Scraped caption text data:
--- START ---
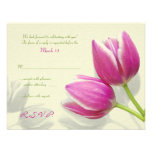 Rosa Tulpe-Hochzeits-Einladungs-Antwort-Karte
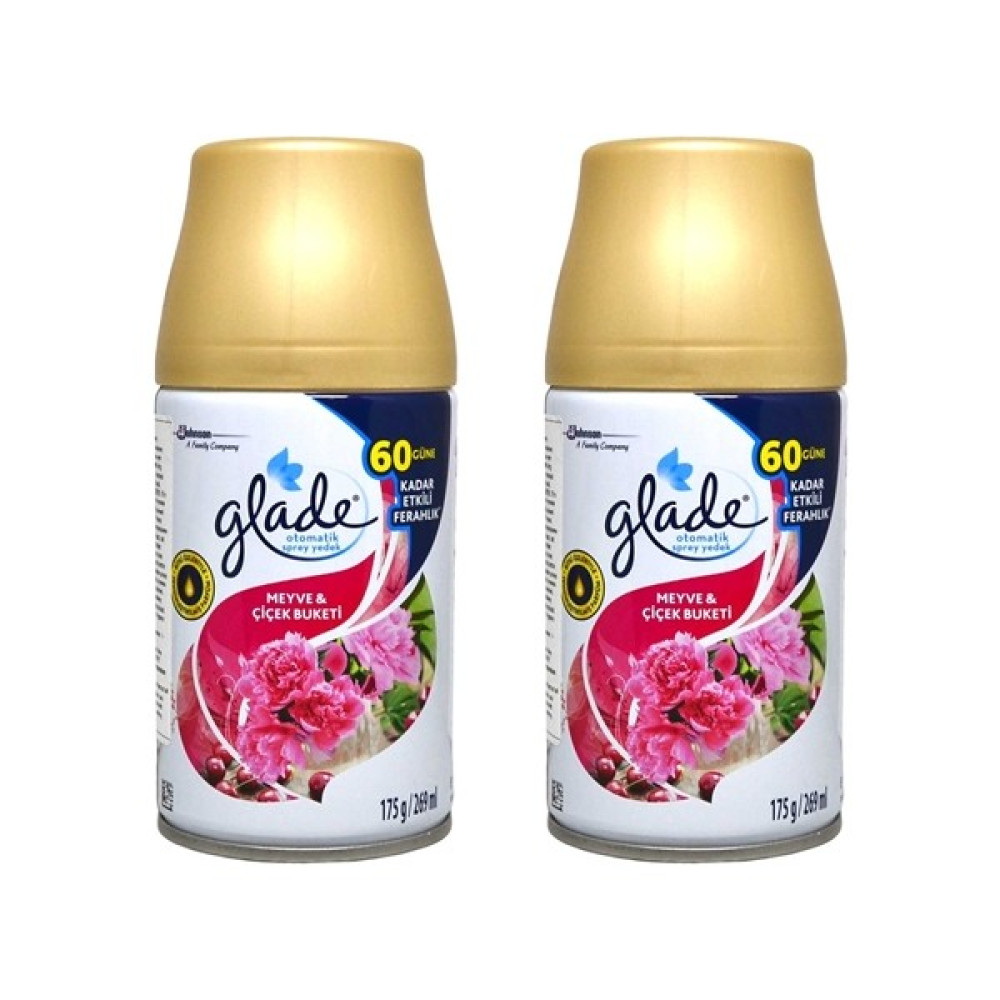 Glade Yedek Sprey Oda Kokusu Meyve & Çiçek Buketi 269  ml x 2 Adet Oda Kokusu Fiyatı
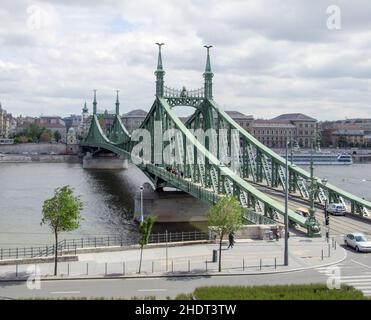 budapest, Freiheitsbrücke, budapests, Freiheitsbrücken Stockfoto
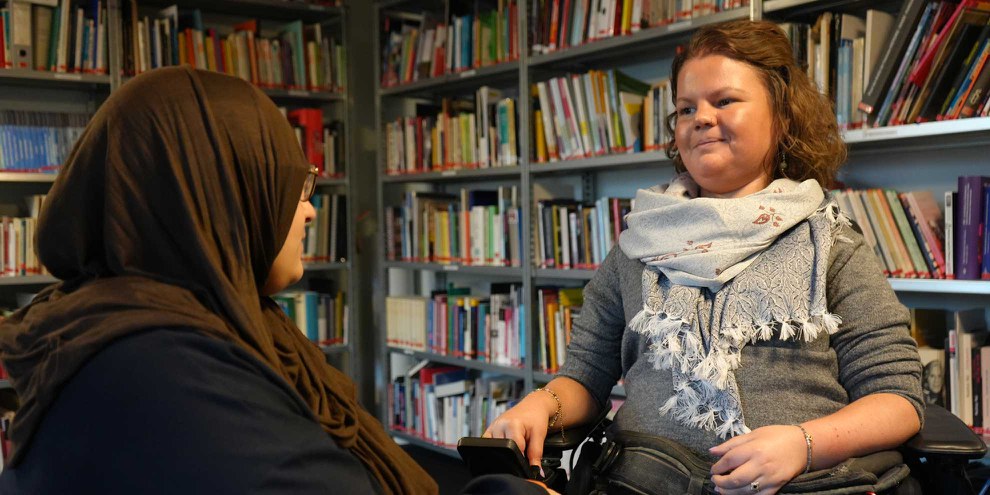 Islam im Gespräch mit Kim Sandy Pittet.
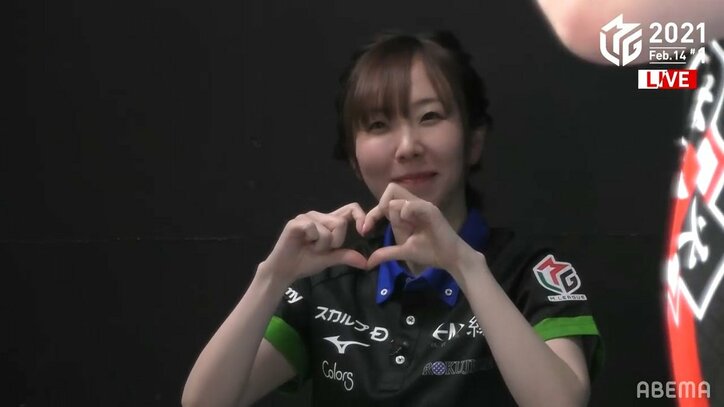 巨漢・松ヶ瀬隆弥も無茶ぶりにオロオロ 会心トップもハートポーズに「ダメだって！」／麻雀・Mリーグ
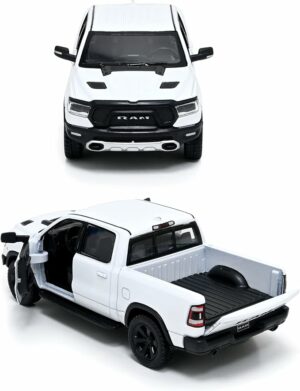 2019 Dodge Ram Pickup Die Cast Metal Model Toy Truck White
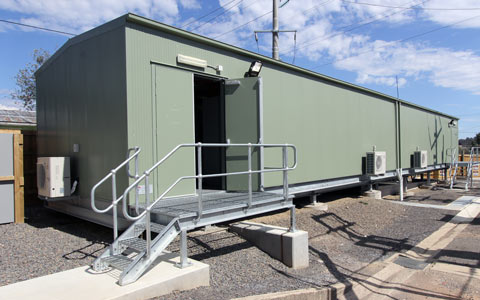 Communications Shelter on Site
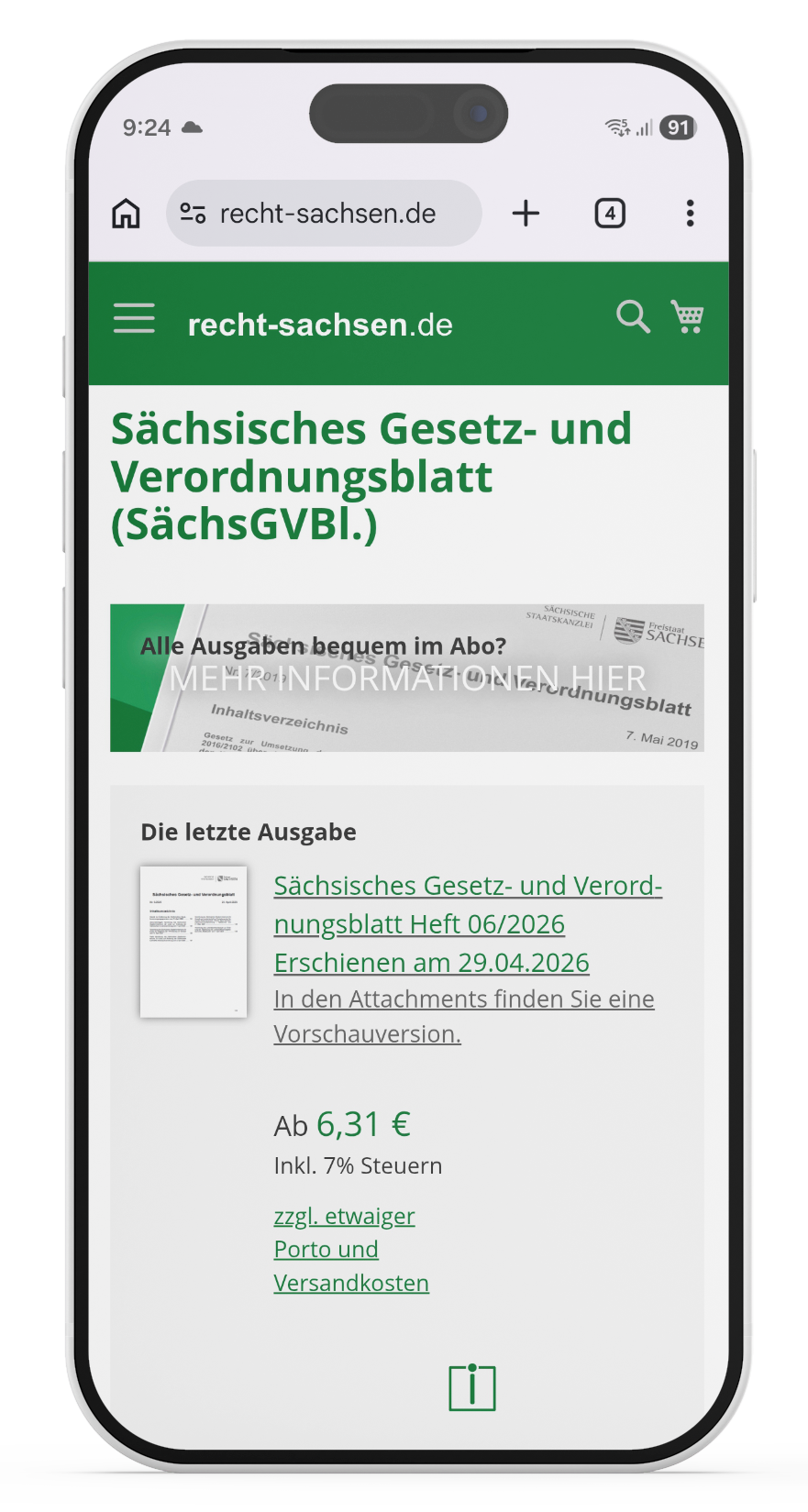 Recht Sachsen online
--- END ---
● WORK TO BE COMPLETED: Without copying any picture, write out the entries exactly.

● THE ANSWER:
 Rosa Tulpe-Hochzeits-Einladungs-Antwort-Karte
 Glade Yedek Sprey Oda Kokusu Meyve & Çiçek Buketi 269  ml x 2 Adet Oda Kokusu Fiyatı
 budapest, Freiheitsbrücke, budapests, Freiheitsbrücken Stockfoto
 Islam im Gespräch mit Kim Sandy Pittet.
 巨漢・松ヶ瀬隆弥も無茶ぶりにオロオロ 会心トップもハートポーズに「ダメだって！」／麻雀・Mリーグ
 2019 Dodge Ram Pickup Die Cast Metal Model Toy Truck White
 Communications Shelter on Site
 Recht Sachsen online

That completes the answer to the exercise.